Exercise requirements:
Each line below from the line with "Camiseta Fingir que" to the line with "Vario Double Fit+" must be copied exactly, including those two, and no picture may appear in the copy.

Records supplied:
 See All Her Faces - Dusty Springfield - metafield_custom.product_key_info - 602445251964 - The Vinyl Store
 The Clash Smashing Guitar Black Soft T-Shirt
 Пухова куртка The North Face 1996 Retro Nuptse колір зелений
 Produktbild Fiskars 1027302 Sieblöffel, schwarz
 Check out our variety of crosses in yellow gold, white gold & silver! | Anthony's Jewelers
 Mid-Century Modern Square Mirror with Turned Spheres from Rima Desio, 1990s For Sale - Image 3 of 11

...

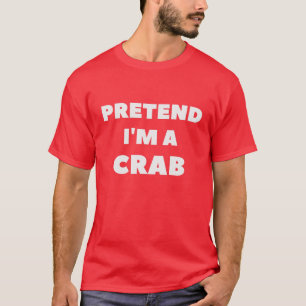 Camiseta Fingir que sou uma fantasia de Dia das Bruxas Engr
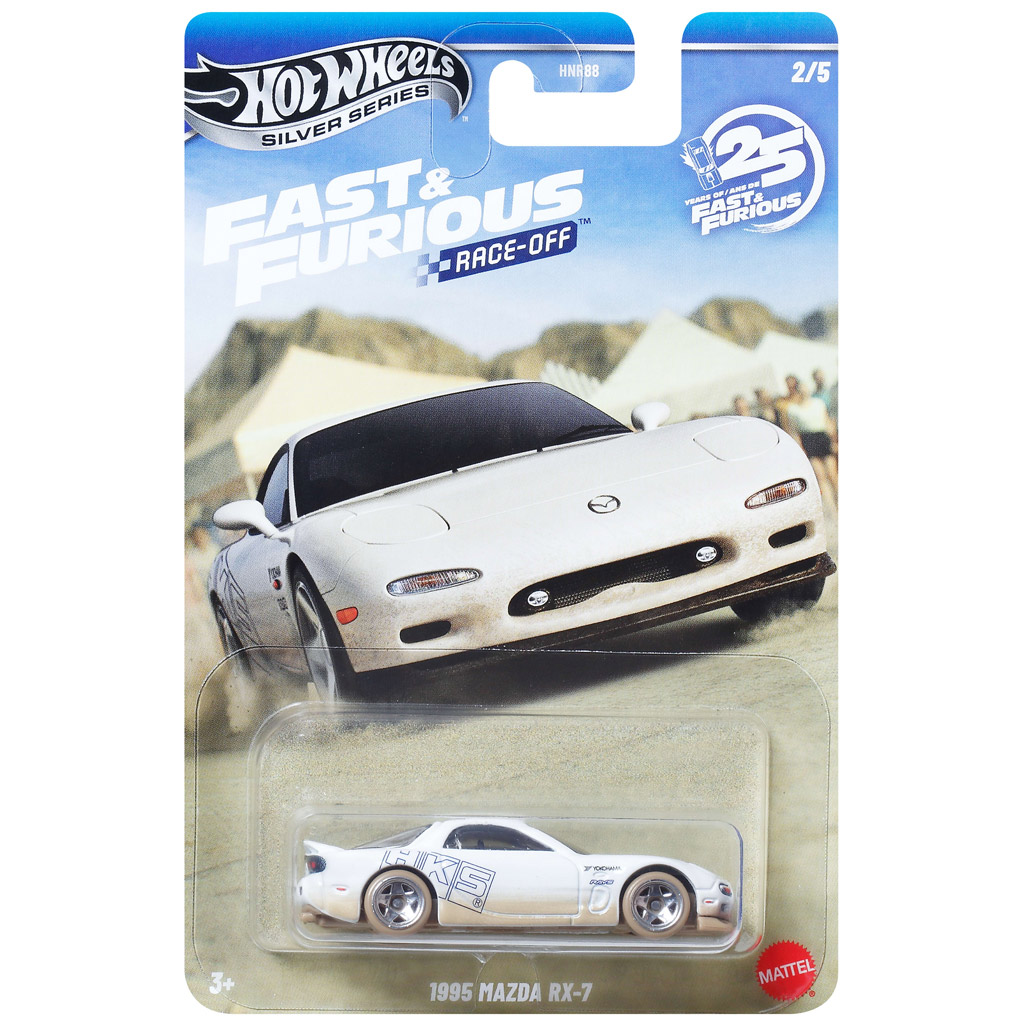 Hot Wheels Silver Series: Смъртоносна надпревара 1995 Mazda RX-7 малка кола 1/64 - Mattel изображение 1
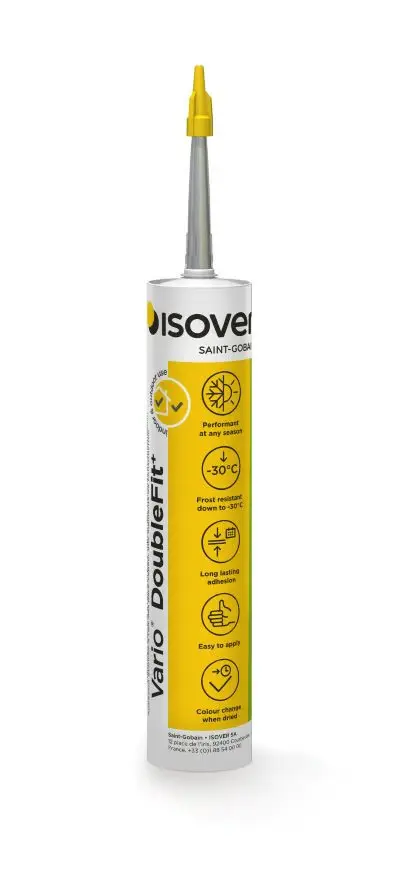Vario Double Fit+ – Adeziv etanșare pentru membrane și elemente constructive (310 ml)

Answer to this problem:
 Camiseta Fingir que sou uma fantasia de Dia das Bruxas Engr
 Hot Wheels Silver Series: Смъртоносна надпревара 1995 Mazda RX-7 малка кола 1/64 - Mattel изображение 1
Vario Double Fit+ – Adeziv etanșare pentru membrane și elemente constructive (310 ml)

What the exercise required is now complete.